In the world of finance, your credit score can make or break you. A mistake can haunt you for a very long time, possibly forever. Late payments, out-of-control debt, even bankruptcy — all can have permanent effects. It’s a simple fact of life.
Sadly, it’s one that young people very often don’t grasp until it’s too late. They neglect their credit in their young adulthood, only to find out how crucial their credit score is when it’s time to seek a student or home loan or buy a car. Apparently as many as half of students have never checked their credit scores.
Only half of college students check their credit scores, according to a survey from U.S. Bank of undergraduates ages 18 to 30. The survey was conducted online and fielded responses from 1,640 part- and full-time undergraduate students in the U.S.
Perhaps some of those students don’t have credit scores to check — unless you have a credit card or a loan, you won’t have a credit history on which to base credit scores — but given the ubiquity of student loans, it seems unlikely that such a large share of students are without credit scores.
As soon as you start using credit, you need to keep track of how well you’re managing it. Credit scores are used for a number of common things, like getting an apartment, setting up utilities, activating a cellphone account and getting car insurance, to name a few. Of course, if you want to get credit cards, an auto loan or a mortgage at some point, you’ll want a great credit score: The better your credit score, the more options you have when shopping for credit products, and the lower your interest rates on borrowed money are likely to be.
This can’t be stressed enough:
If you have a credit score, check it regularly and if necessary work to improve it.

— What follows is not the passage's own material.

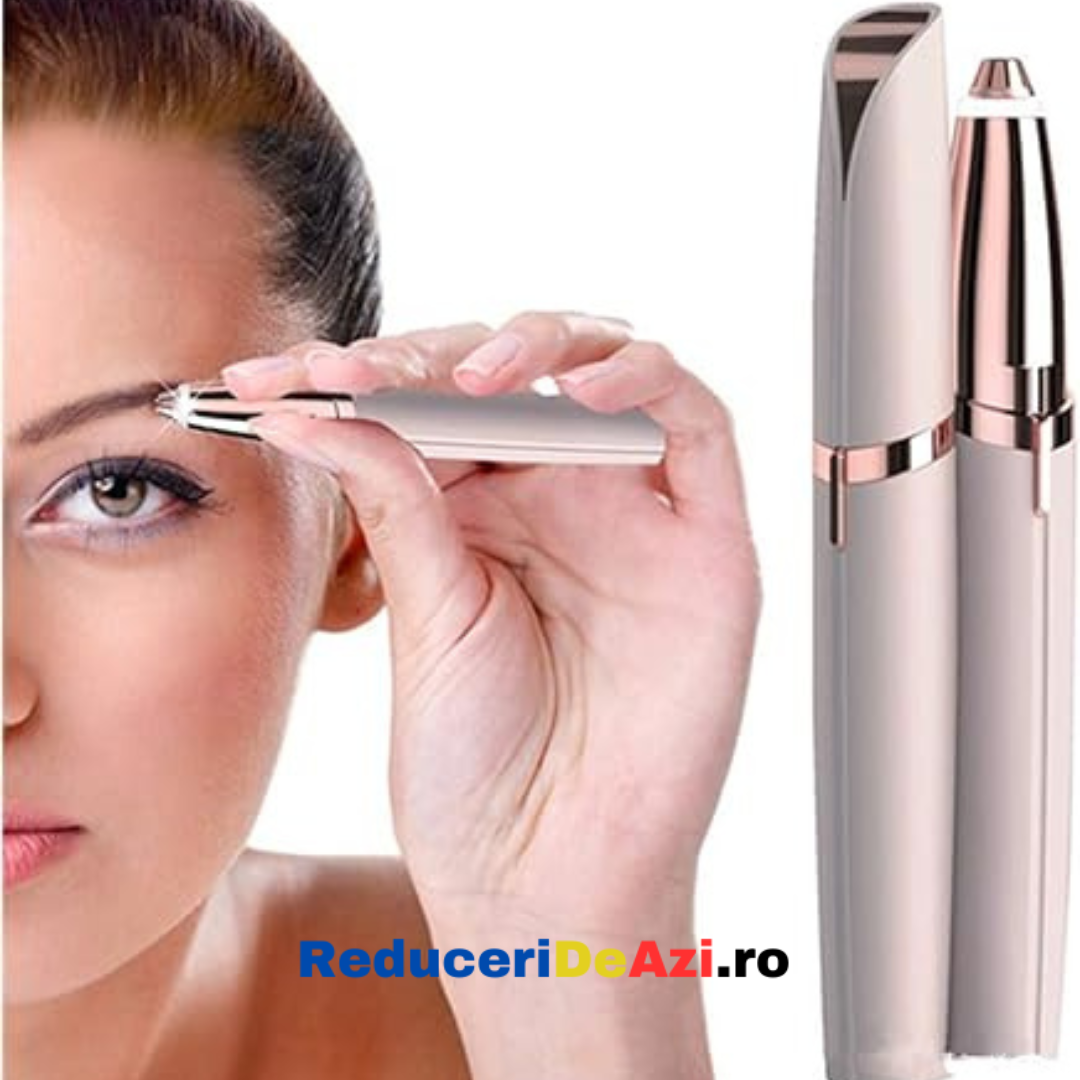 Mini epilator pentru sprancene, cu lumina Led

There are authentically free reporting services (in exchange they make credit card or bank account offers you can ignore) like CreditKarma.
If you don’t have enough credit history to have a credit score, get on that. Parents, there are things you can do to help kids start building credit history. If you’re a young person and your parents can’t help, you still have options. Starting with store cards is a popular avenue. Stores are generally quick to offer lines of credit and it counts towards your credit history.
This is stuff that affects the rest of your life. It determines what you can afford and can’t afford. It determines your home, car, education, and general standard of living. Start early and stay vigilant.